There are plenty of reasons why some get zits while others enjoy a flawless complexion. Acne in adults has a hereditary component that can make it become a problem even after puberty and some people simply don't know how to take care of their skin.

When you're doing all the right things, from using the right cosmetics on your oily or sensitive skin, to making sure you don't spread bacteria by popping zits or rubbing your skin, the answer to the question "Why some people get zits and others don't?" may be found in the bacteria itself.

Checking Acne On Face

Acne Bacteria: Good vs Bad

New research into Propionibacterium acnes, a common bacteria associated with acne, shows there are different strains of this microorganism and some may even protect the skin against acne.

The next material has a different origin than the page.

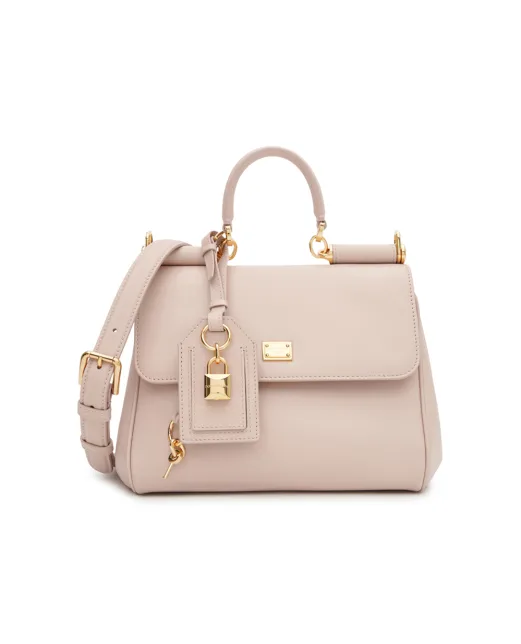 Dolce&Gabbana Кожаная сумка My Sicily - Артикул: BB7781-B7321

A study conducted at UCLA with the help of researches in Los Angeles and St. Louis shows that people who get less acne have a "good" strain of the bacteria, which actually protects the skin from the more harmful ones.

The answer to the old question of "Why do some people break out?" may be found in these different types of bacteria. Using a special genetic marker to identify the strains of bacteria, researchers have realized that acne was a bigger problem for people who lacked a certain type of Propionibacterium acnes from their skin, while zits and pimples were found less common for people who showed signs of the bacteria.

"We suspect that this strain contains a natural defense mechanism that enables it to recognize attackers and destroy them before they infect the bacterial cell", explained the UCLA researchers.

With this knowledge, it's not hard to imagine special creams and acne treatments that either introduce this type of bacteria on the skin or simply kill off all the others, which cause acne more often.

Research in the field of acne relief has slowed down in the past decades, so this new research not only answers the question of why some people get zits and others don't, it also offers hope for many people struggling with acne. In the most severe cases, even antibiotics don't work against acne and the last resort, Accutane (isotretinoin) can have strong side effects.